When things get completely out of hand in a bad marriage, divorce is certainly one way to end it. But divorce is always costly, and there can be no doubt that Greek exiting the eurozone would involve enormous costs both for Greece and the euro area.
Time is running out and it seems that the Greek exit may be the best way to end the acrimonious relationship that now exists between Greece and the eurozone. However, before both sides run to the best lawyers, Greek politicians should pause for a moment and think again what led them to join the European Union in the first place and calculate not only the benefits but the costs of a divorce.
Leaving the EU would open up new economic and political possibilities for Greece. It would allow it to issue a new drachma that could be devalued to improve the competitiveness of its exports and would, no doubt, create a powerful sense of freedom, of liberation, knowing that its fate was in its own hands. It might even generate a renewed commitment to repair the fiscal laws in the state - most notably, rampant tax evasion...

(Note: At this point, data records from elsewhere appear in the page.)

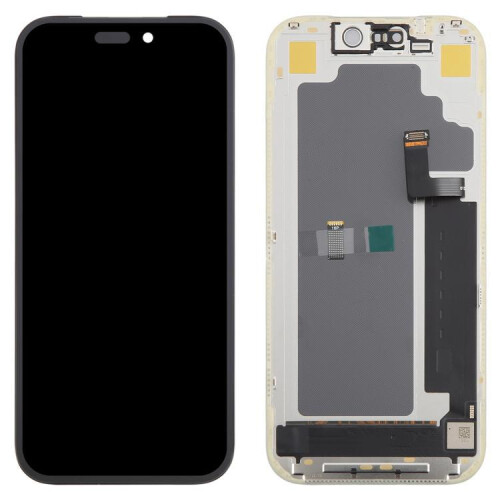 Vhodné pro iPhone 17 Pro OLED LCD hard touch sestavu 1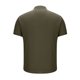 thumbnail image 5 of Ceisia Men's Gradient Printed Casual Elastic Sports Round Neck Active Top Gift, 5 of 6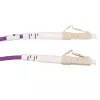 Extralink Cabo Patch LC/UPC para LC/UPC, Multimodo OM4 Duplex, 3,0 mm, 3 m
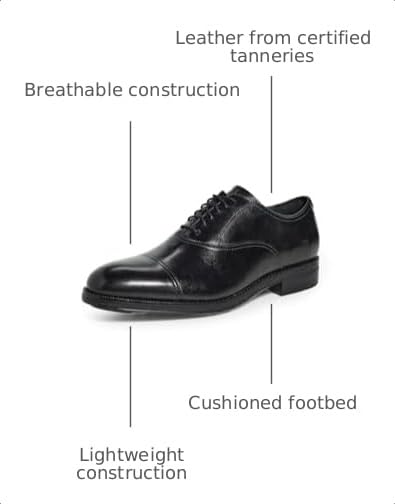 Image of Cole Haan Men's Ledley Grand Cap Toe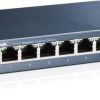 TP-Link 8-Port Gigabit Desktop Switch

So far so good, some may say, but it's not all that rosy. With divorce, Greece would experience a run on the banks, a panicked flight of capital, an inevitable return of capital controls and bank closures. The new drachma would plunge in value, raising the price of imports such as oil and gas which are priced in foreign currencies, and increasing the trade deficit. In one word, this divorce will certainly plunge the country into chaos.
The costs of such a divorce would also be huge for the euro area as well. Much, if not all of the outstanding claims of European banks on Greek banks would be lost once the Greek banks closed their doors! As at the end of 2014, these claims totalled 50 billion euro.
Time is short. But there is still time to save this marriage if both sides try hard enough!